**WORK TO COMPLETE:** With pictures left out, set down exactly the lines from the line containing "1628 Oakes Avenue, Superior, WI 54880" through the last line of the data.

++++ PROVIDED RECORDS

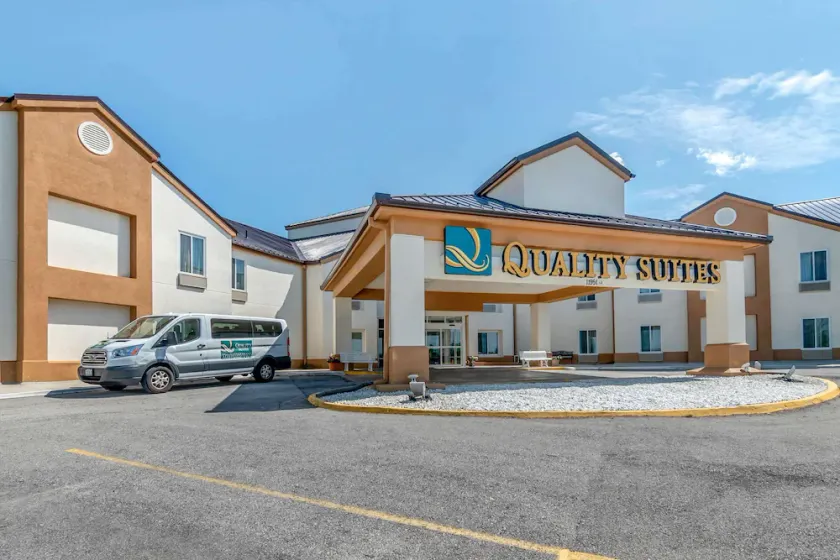 Quality Suites Kansas City International Airport - Image 1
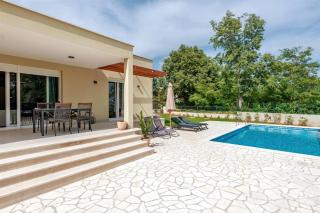 Villa Grace, a romantic single story villa with a pool - VeliGolji - 4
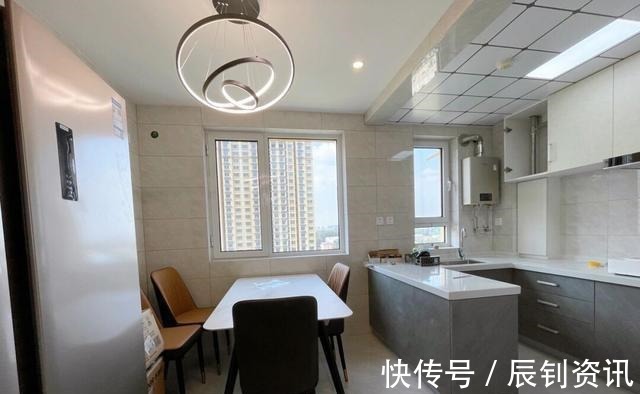 套房子|98平新房,全屋花很多心思设计,电视墙漂亮上档次,很多人都喜欢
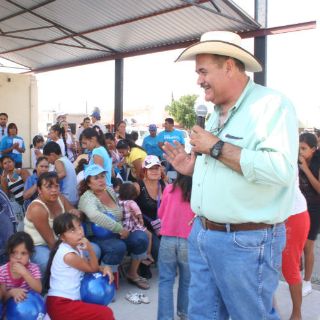 Andrés Zermeño promete mejoras en reparto de agua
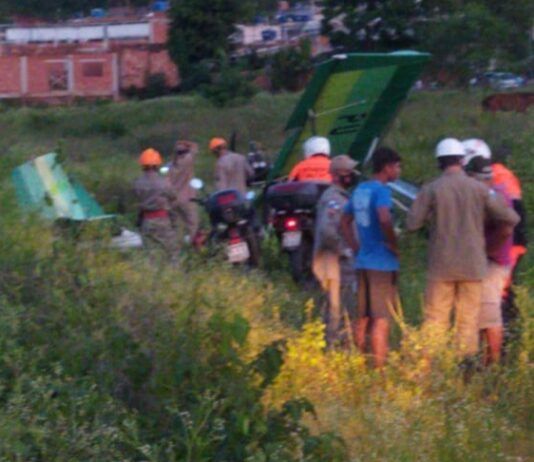 Piloto de ultraleve fica ferido em pouso forçado em Itaperuna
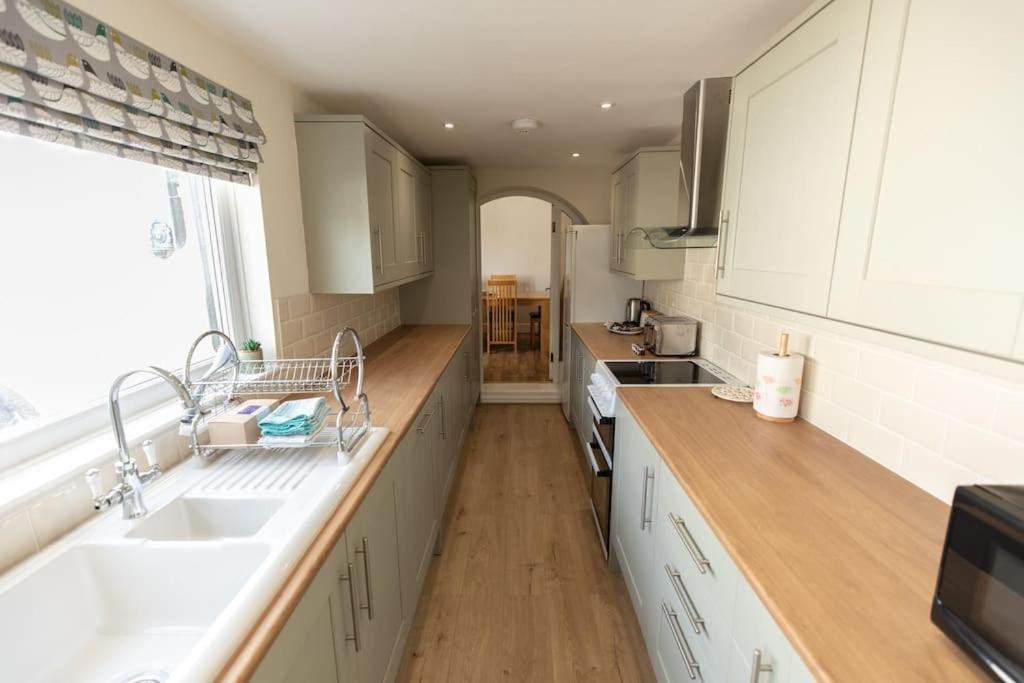 Stunning Holiday Home - Puddleduck - Centre Of Coniston Buitenkant foto
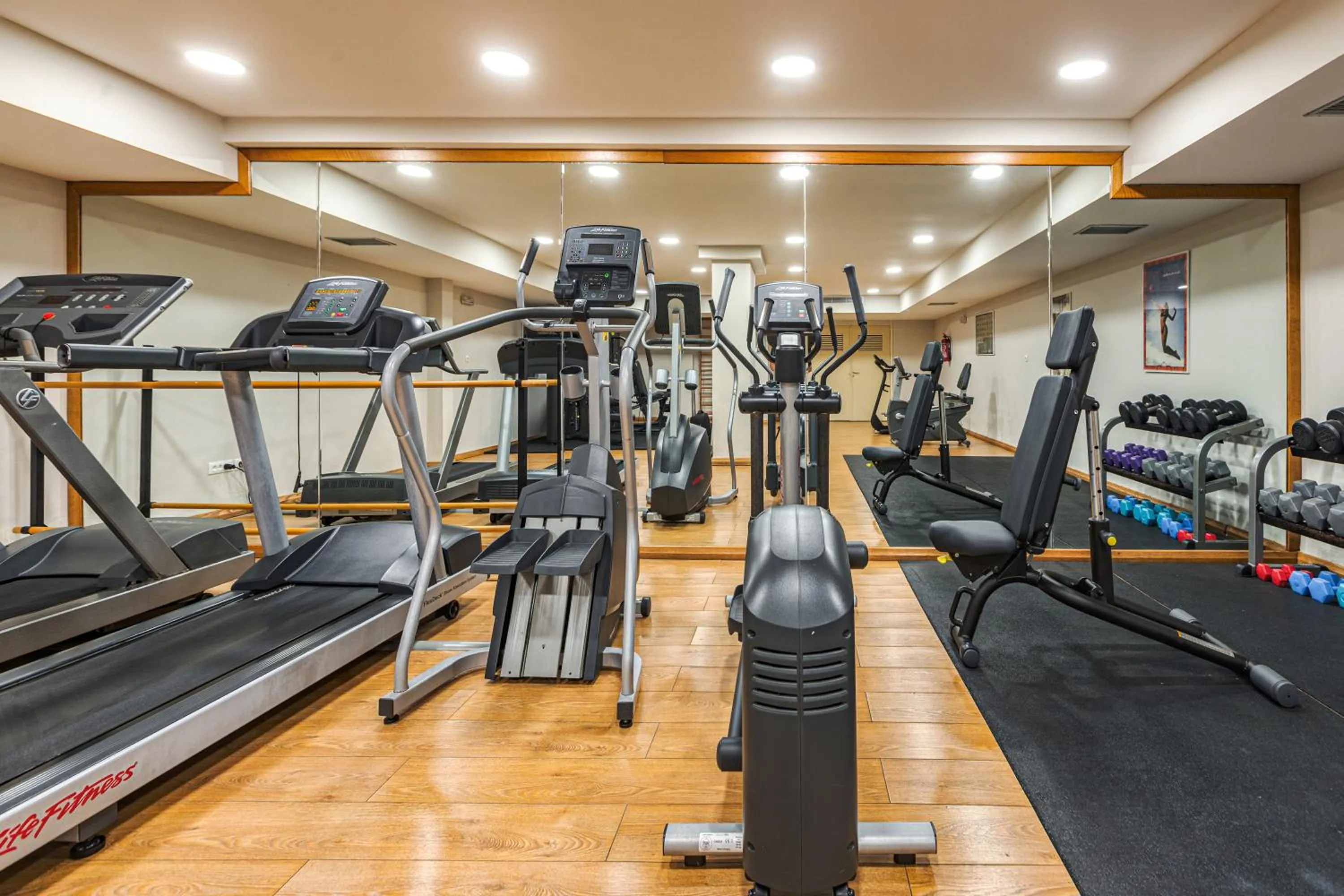 Fitness centre/facilities in Platanista Hotel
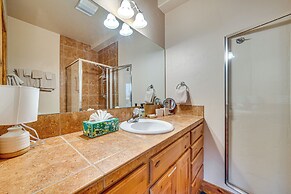 6 Mi to Winter Park Resort: Townhome w/ Hot Tub!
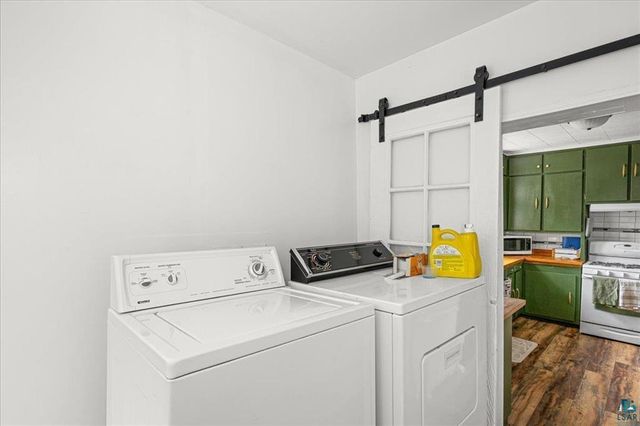 1628 Oakes Avenue, Superior, WI 54880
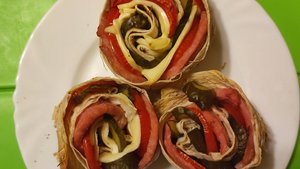 СУПЕР КУХНЯ! Мини пицца-розочки. Обалденная, красивая закуска на скорую руку.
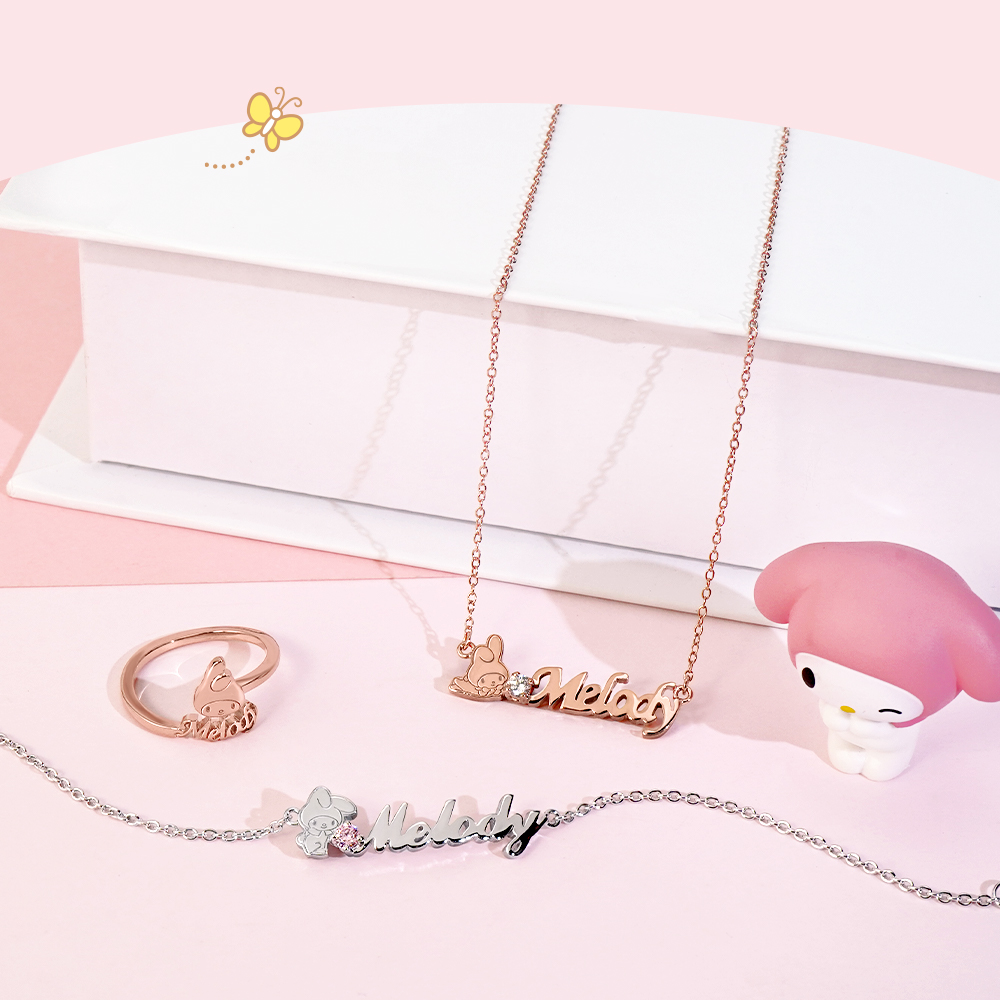 玫瑰金 My Melody 客製字母純銀項鍊佩戴示意,日常穿搭溫柔點綴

++++++++

**ANSWER TO THE PROBLEM:**
 1628 Oakes Avenue, Superior, WI 54880
 СУПЕР КУХНЯ! Мини пицца-розочки. Обалденная, красивая закуска на скорую руку.
 玫瑰金 My Melody 客製字母純銀項鍊佩戴示意,日常穿搭溫柔點綴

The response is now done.